Thank you, Raven. That is just one spot of it, I will probably share more, as it is my hobby.. I've lived in a rural area like you, a few times. Loved it when our sons were young, and when my husband first retired, but now that I am on my own, I like being closer to everything, but still feel like I have a little oasis, even though I have neighbors..


----------



## Bettyann (May 25, 2014)

As you can see on my post info, I live in Denver...since '74 and just love it. I love in Capitol Hill where there is SO much diversity, so many life styles, and, for the largest part, people get long together just fine...live and let live. 
I was raised in a tiny town of around 250...and also taught in small towns (mostly in Kansas) and you could not PAY me to live in one again... (the exception being a tourist town like Georgetown, CO) ... I have a very difficult time with narrow minded people who generally populate small towns... 
Small towns tend to be very provincial...not my thing.
Then again, I guess I sound narrow minded about narrow minded people.  I have heard the remark, "oh yeah, he has such an open mind that you could drive a Mack Truck through it" ... well, at least SOMETHING can get through!


----------



## Kaya (May 25, 2014)

Love your yard, Vixenator. I love being in mine too, but the past few days have been June Gloom.

I live on the central california coast, halfway between SF and LA. I love it here because the weather stays 60 to 70 year round with a few cold months now and then. 

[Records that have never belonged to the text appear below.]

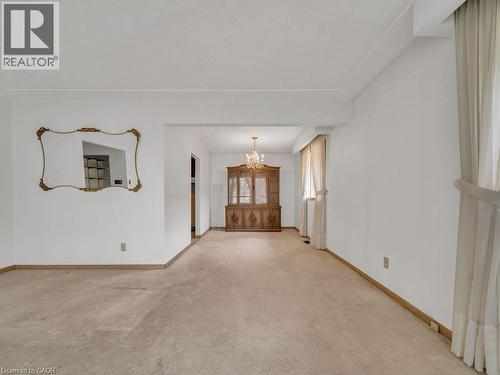 Open-concept living space featuring neutral-toned carpeting, white painted walls, and an ornate gold-framed mirror - 1416 Highway 6, Hamilton, ON - Indoor Photo Showing Other Room
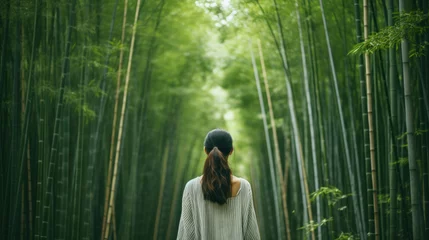 Rolgordijnen woman walking in bamboo forest © mimadeo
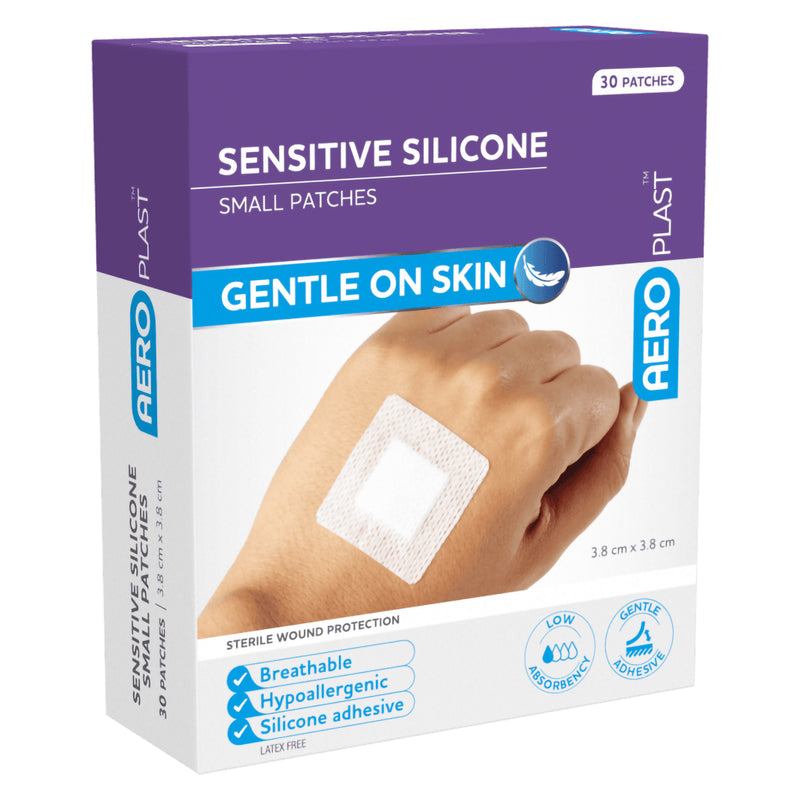 Angled front view of AeroPlast Sensitive Silicone Small Patches box showing the square dressing applied to a hand and gentle on skin product positioning.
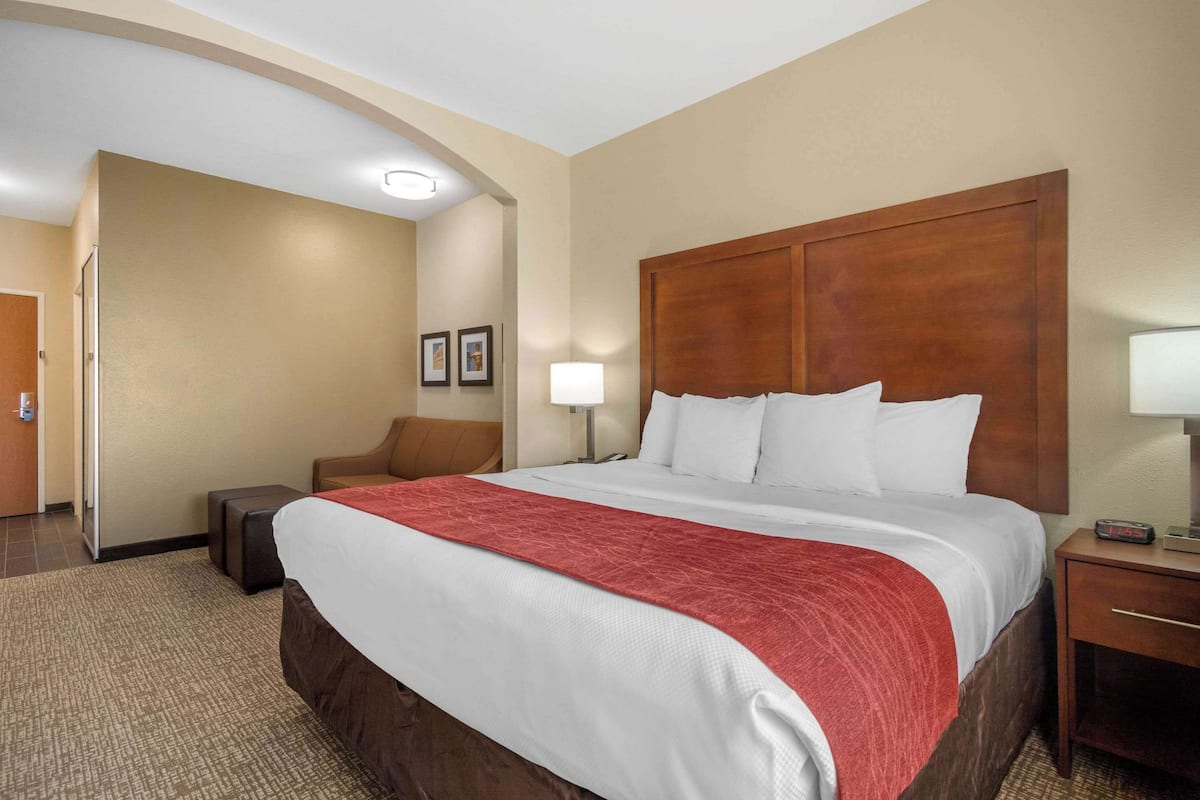 A hotel room with a large bed, a wooden headboard, a bedside table with a lamp, and a small seating area with a chair and ottoman.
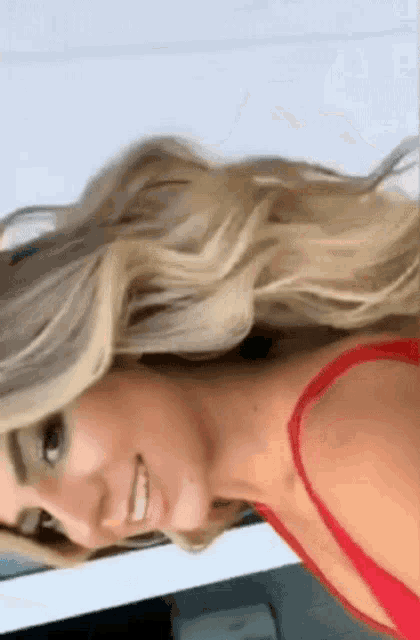 a woman in a red bra is smiling and looking at the camera .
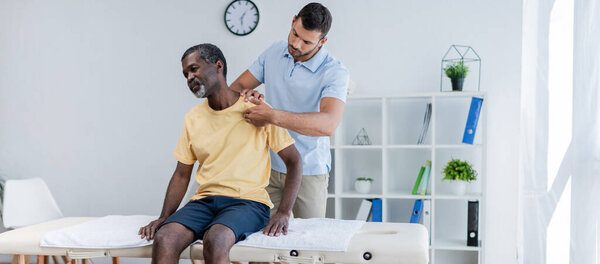 Африканский мужчина среднего возраста, сидящий на массажном столе, пока реабилитолог осматривает его плечо, баннер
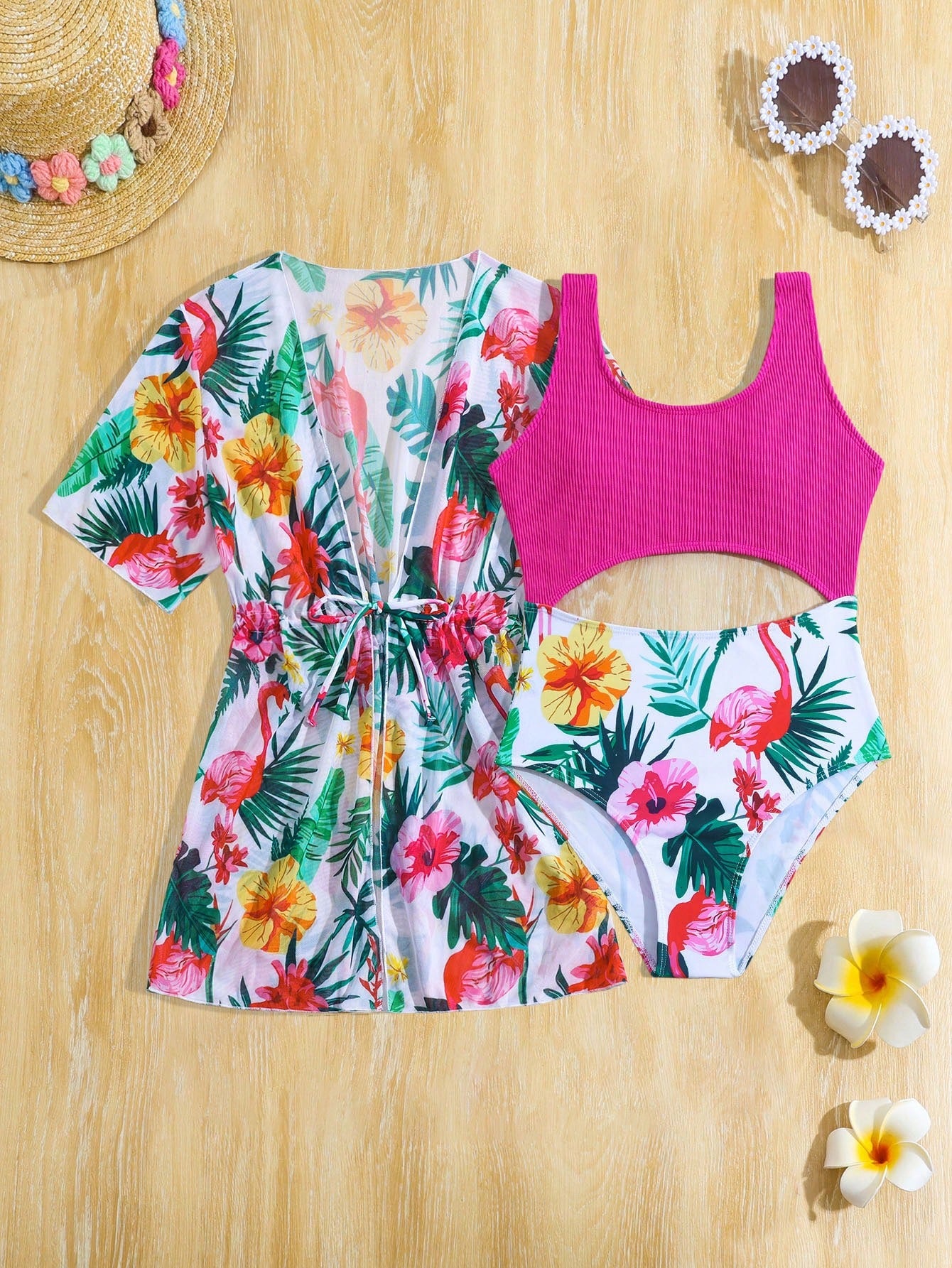 Tween girls multicolor 2-piece swimsuit set with scoop neck, cut-out details, patterned design, shorts-style bottoms, and sheer UV protection cover-up for beach and pool vacations.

I won't say exactly where I live due to this being the internet and people who have nefarious natures. Suffice it to say...it is very pretty here near Hearst Castle.


----------



## Harley (May 25, 2014)

Kaya said:


> Love your yard, Vixenator. I love being in mine too, but the past few days have been June Gloom.
> 
> I live on the central california coast, halfway between SF and LA. I love it here because the weather stays 60 to 70 year round with a few cold months now and then.
> 
> I won't say exactly where I live due to this being the internet and people who have nefarious natures. Suffice it to say...it is very pretty here near Hearst Castle.





 I have been there. Lived in the Bay area a time or two over my lifetime. My hubby was in construction and we moved a lot. As a child I moved a lot as well..It is nice to finally be settled. Petaluma was the last city I lived in down there, and loved it out of all the other areas..


----------



## GeorgiaXplant (May 25, 2014)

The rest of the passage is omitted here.